Ivelisse Rodriguez

Ivelisse performed at a SpeakTogether student matinee at Edward R. Murrow High School in Midwood, Brooklyn, on September 26, 2018, speaking on the theme, “A Place for Us.” Ivelisse also performed on stage for Seriously Entertaining at Joe’s Pub at The Public Theater on June 25, 2019, speaking on the evening’s theme, “No Place Like Home.”

Born in Arecibo, Puerto Rico, Ivelisse Rodriguez grew up in Holyoke, Massachusetts. She earned a B.A. in English from Columbia University, an M.F.A. in creative writing from Emerson College, and a Ph.D. in English-creative writing from the University of Illinois at Chicago.

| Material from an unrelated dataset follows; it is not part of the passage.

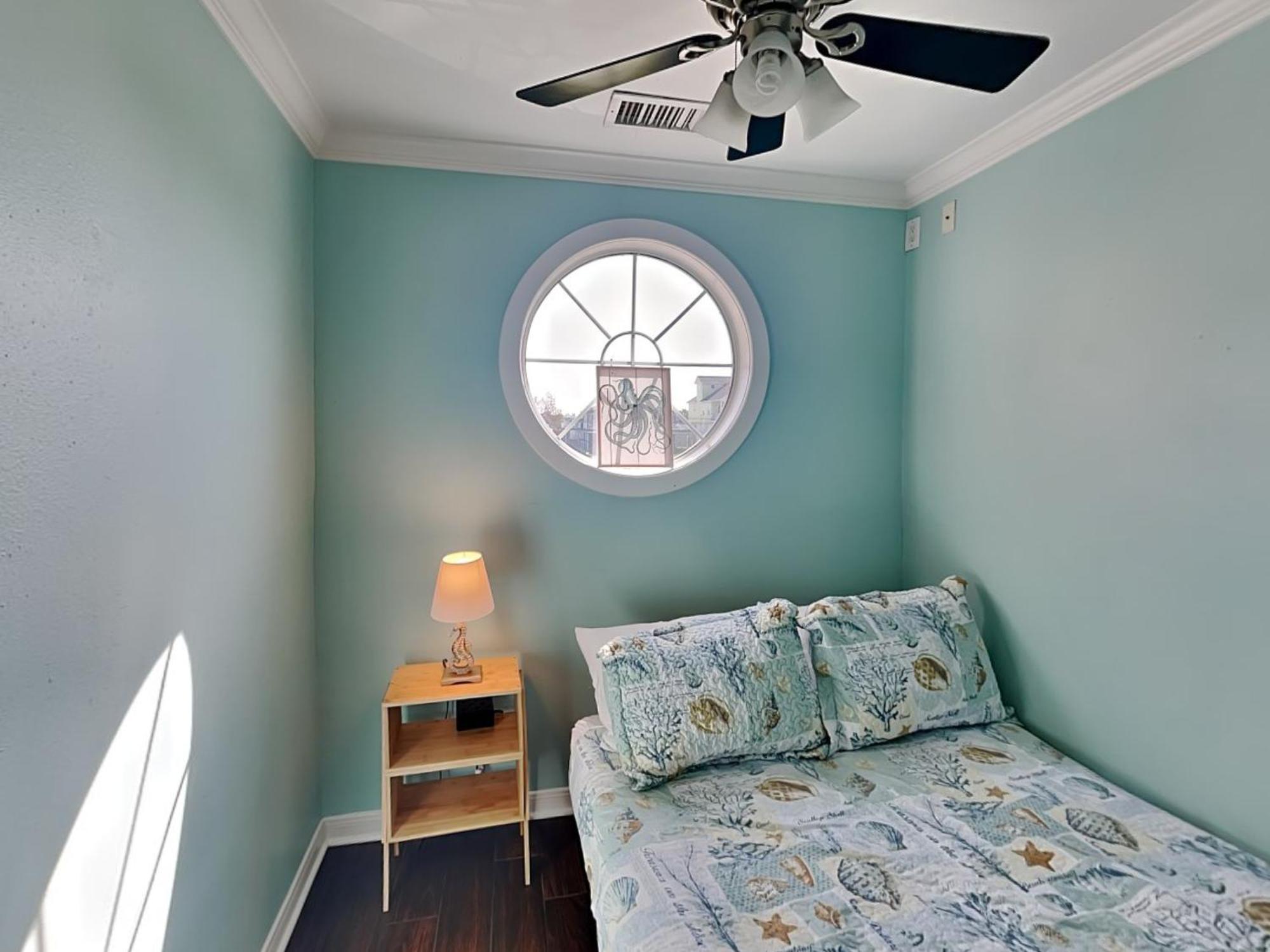 Harbor View Breeze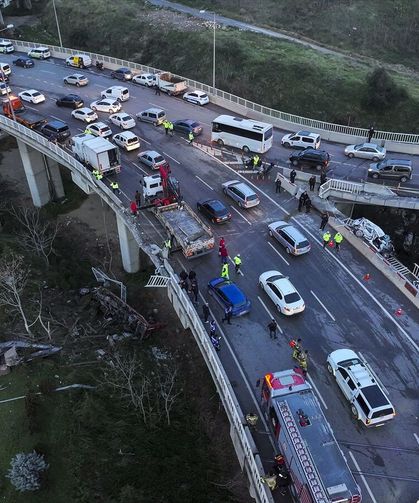Freni Boşalan TIR Viyadükten Düştü, 3 Yaralı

Her short story collection, Love War Stories, a 2019 PEN/Faulkner finalist and a 2018 Foreword Reviews INDIES finalist, was published by The Feminist Press in summer 2018.  Her fiction chapbook The Belindas was published in 2017. She has also published fiction in All about Skin: Short Fiction by Women of Color, Obsidian, Label Me Latina/o, Kweli, the Boston Review, the Bilingual Review, Aster(ix), and other publications. She is the founder and editor of an interview series, published in Centro Voices, the e-magazine of the Center for Puerto Rican Studies at Hunter College, focused on contemporary Puerto Rican writers in order to highlight the current status and the continuity of a Puerto Rican literary tradition from the continental US that spans over a century. She was a senior fiction editor at Kweli and is a Kimbilio fellow and a VONA/Voices alum. She is currently working on the novel The Last Salsa Singer about 70s era salsa musicians in Puerto Rico.